# [To do]
Look below for the line containing "Genuine Opal &". Write out that line and the rest through the last one, exactly as they appear, but without pictures.

# [Record excerpts]

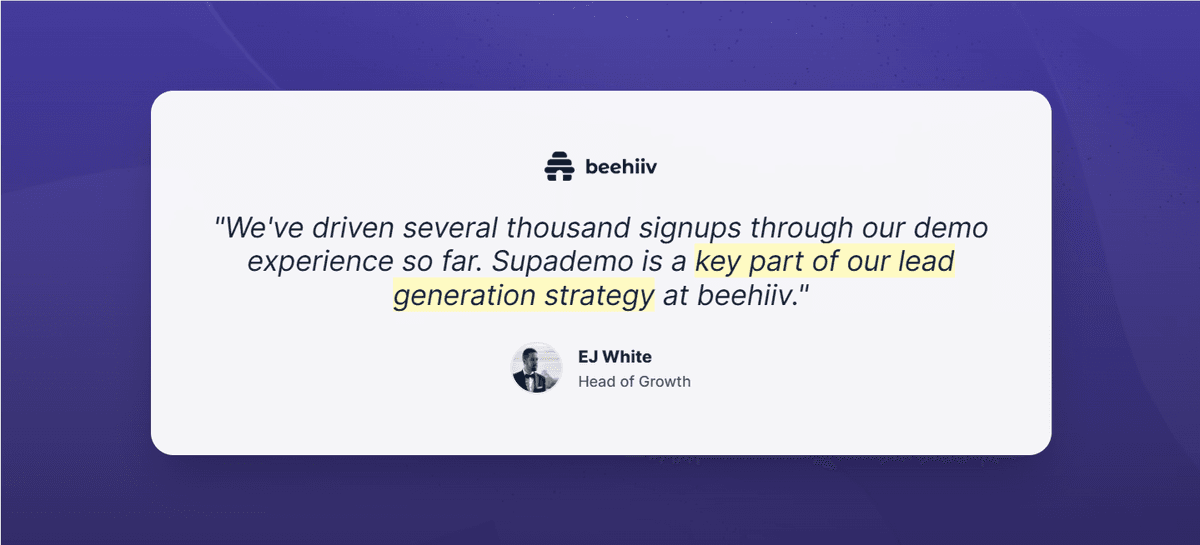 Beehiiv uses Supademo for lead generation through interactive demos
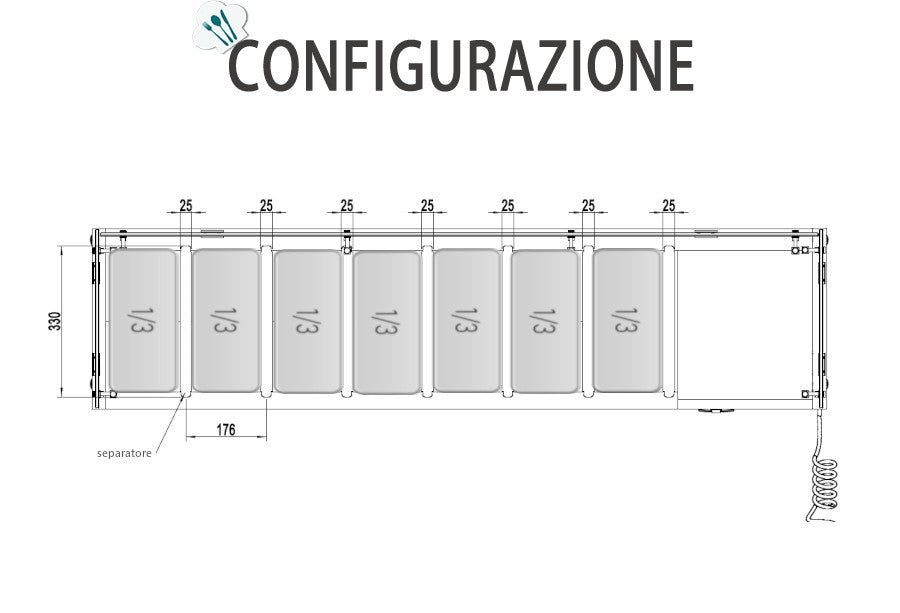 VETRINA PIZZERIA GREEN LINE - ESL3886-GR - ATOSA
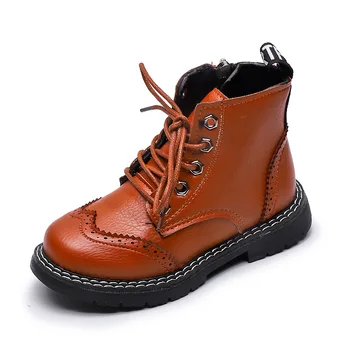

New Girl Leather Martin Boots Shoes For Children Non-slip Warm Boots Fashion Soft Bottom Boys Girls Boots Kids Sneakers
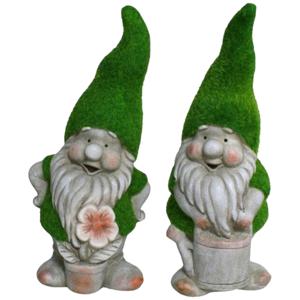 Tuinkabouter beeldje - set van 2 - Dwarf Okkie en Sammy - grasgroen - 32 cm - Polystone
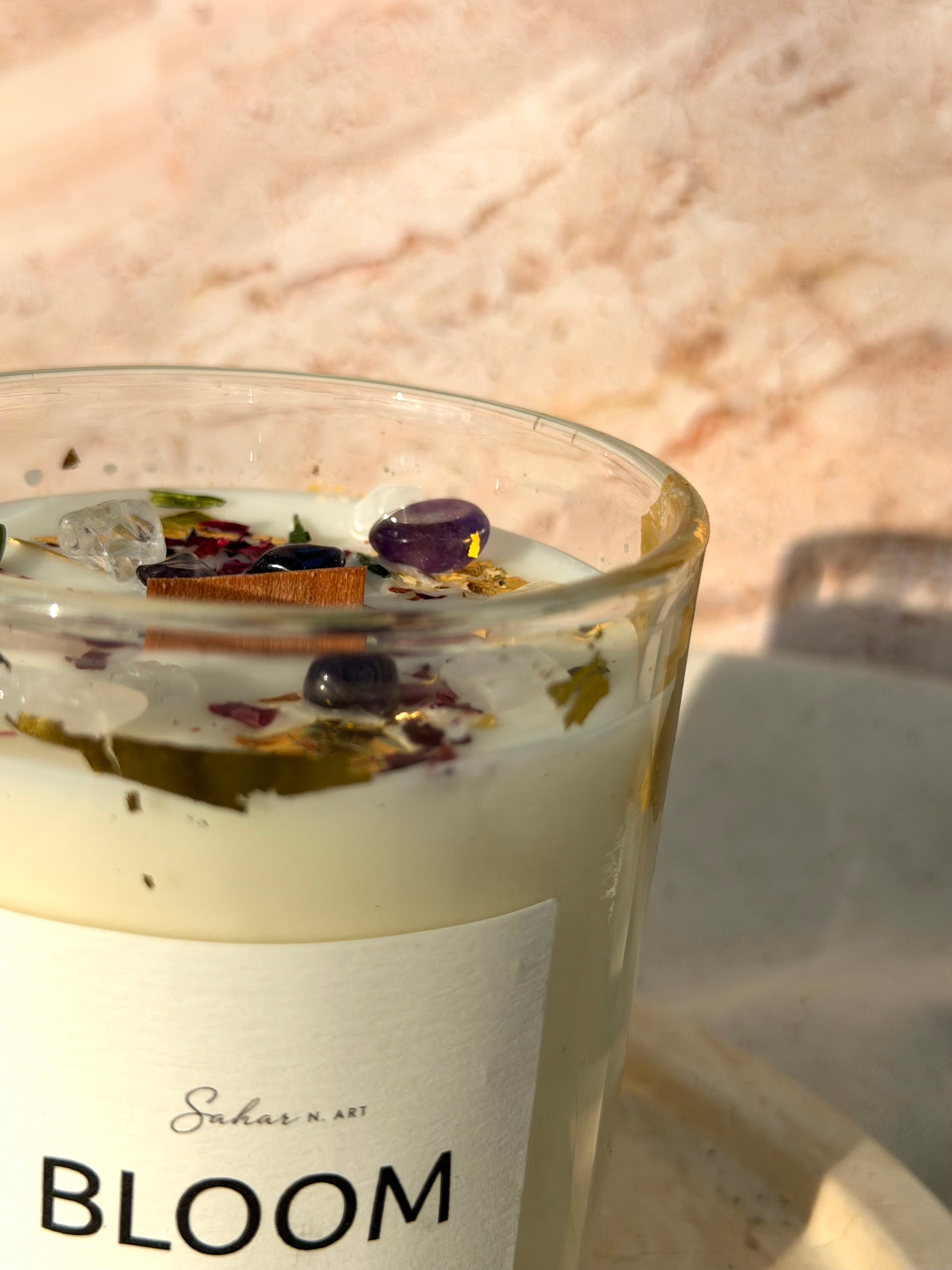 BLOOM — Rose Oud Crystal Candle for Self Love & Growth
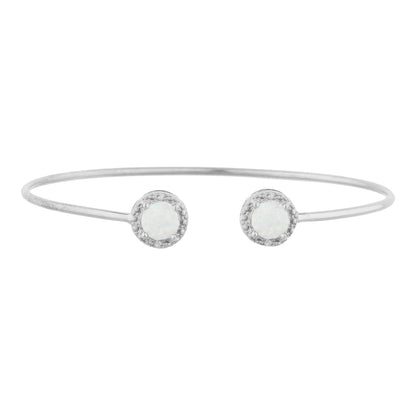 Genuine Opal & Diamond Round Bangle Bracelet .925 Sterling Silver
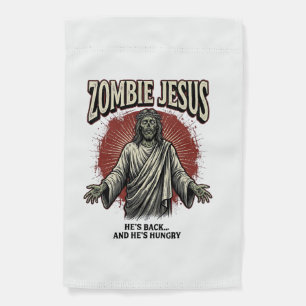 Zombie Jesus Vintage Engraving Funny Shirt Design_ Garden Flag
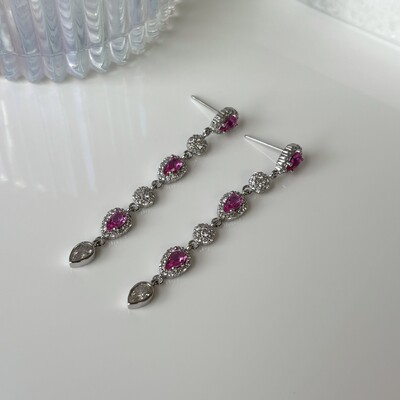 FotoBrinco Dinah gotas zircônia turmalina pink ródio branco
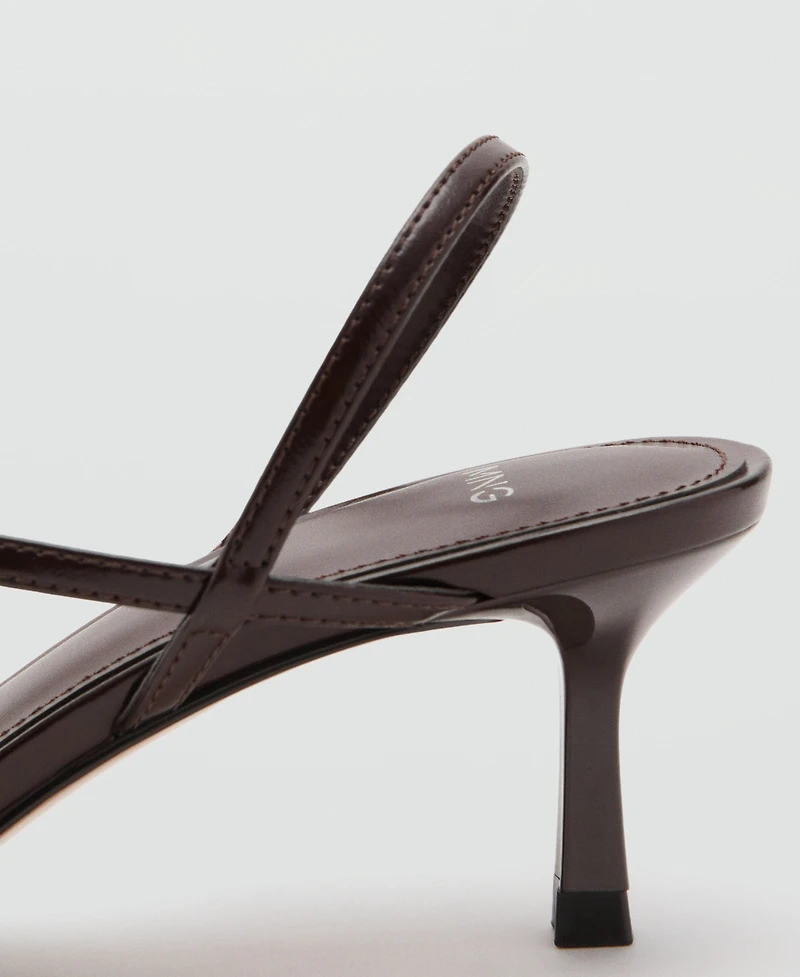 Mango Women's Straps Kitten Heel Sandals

# [Output for this exercise]
 Genuine Opal & Diamond Round Bangle Bracelet .925 Sterling Silver
 Zombie Jesus Vintage Engraving Funny Shirt Design_ Garden Flag
 FotoBrinco Dinah gotas zircônia turmalina pink ródio branco
 Mango Women's Straps Kitten Heel Sandals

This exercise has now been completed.